Records to use.
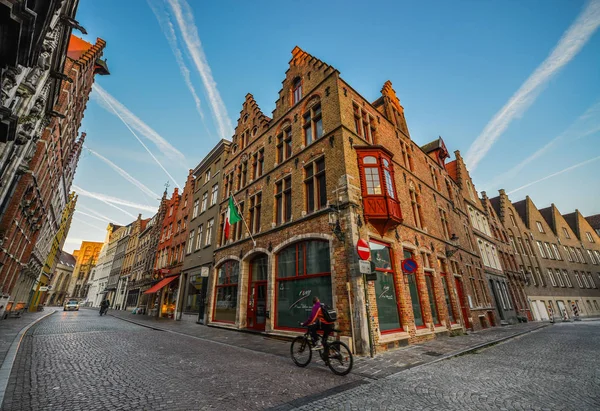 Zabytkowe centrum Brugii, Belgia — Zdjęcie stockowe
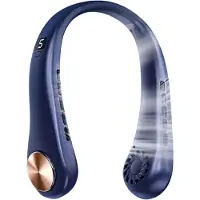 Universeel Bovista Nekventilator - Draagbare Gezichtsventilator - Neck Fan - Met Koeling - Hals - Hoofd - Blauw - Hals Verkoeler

...

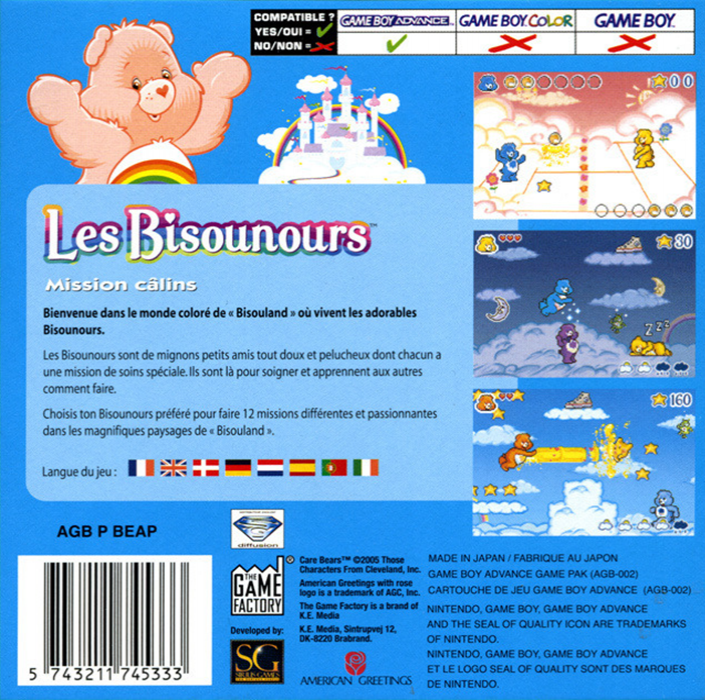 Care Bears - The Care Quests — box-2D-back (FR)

---

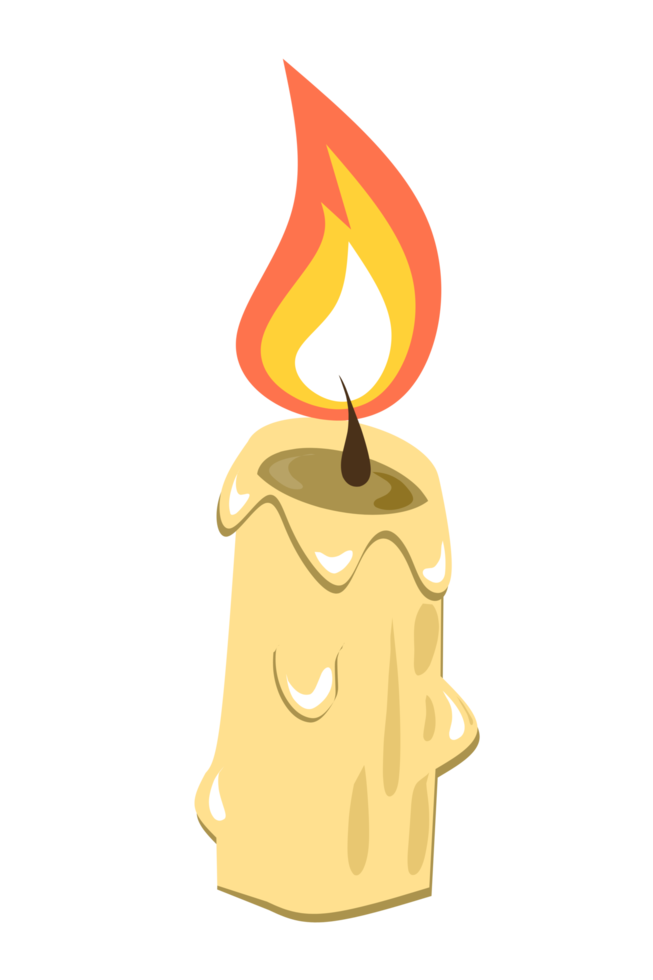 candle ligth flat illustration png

Problem to work on.
Give again the lines of the listing above that run from the one with "Zabytkowe centrum Brugii, Belgia" up to and including the one with "Universeel Bovista Nekventilator". Keep them exact and omit the pictures.

Exercise answer.
 Zabytkowe centrum Brugii, Belgia — Zdjęcie stockowe
 Universeel Bovista Nekventilator - Draagbare Gezichtsventilator - Neck Fan - Met Koeling - Hals - Hoofd - Blauw - Hals Verkoeler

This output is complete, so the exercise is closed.